Looking for a gelding I rode from 2000-2004. Was around 7 when I started riding him, 11 when sold. Would be around 21 or so by now. Was kept at a yard near Guiting Power in Gloucestershire. His owner sold him as she was going to university, I believe.

Sorry, no photos, I'm afraid. Ben had his faults, but I did enjoy riding him, and am interested in what he's been up to since then. (Or even if he's still around!)
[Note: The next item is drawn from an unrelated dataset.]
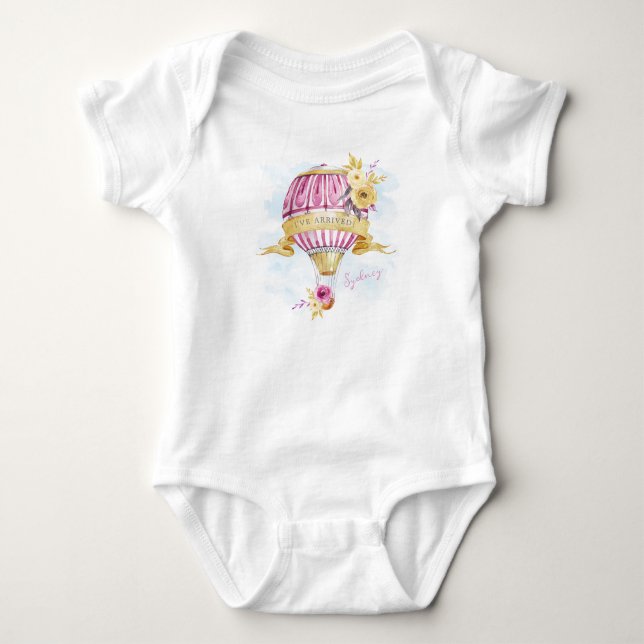 Pink Gold Hot Air Balloon Personalized Baby Bodysuit (Front)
Name: Ben (may have since been changed)
Breed: Possible NF X
Height: 14:2hh
Sex: Gelding
Colour: Bay
Build: Stocky and cob-like, lots of feathering on legs. Thick, cresty neck.
Lumps or bumps: May have scarring on one hind leg (believe it was the near hind). Scarring caused by getting tangled in wire when out in the field.
Freezemark: No. May have been freezemarked since, however.
Temperament: Loved being groomed. Good to lead. Rather accident prone and clumsy. When turned out in field, would roll and then begin eating as much as he could. Was fine with horses/ponies he knew, but could be funny with those new to the yard.
Under saddle: While not very easy to get going, would not say that he was a novice ride. Did not like loud vehicles such as tractors, motorbikes or large lorries. Easily spooked - bucked with me on board when frightened by a pheasant. Liked hacking with horses/ponies he knew, but could play up when hacking with those he didn't or when in small groups. Didn't like getting hs feet muddy or wet when being ridden.


----------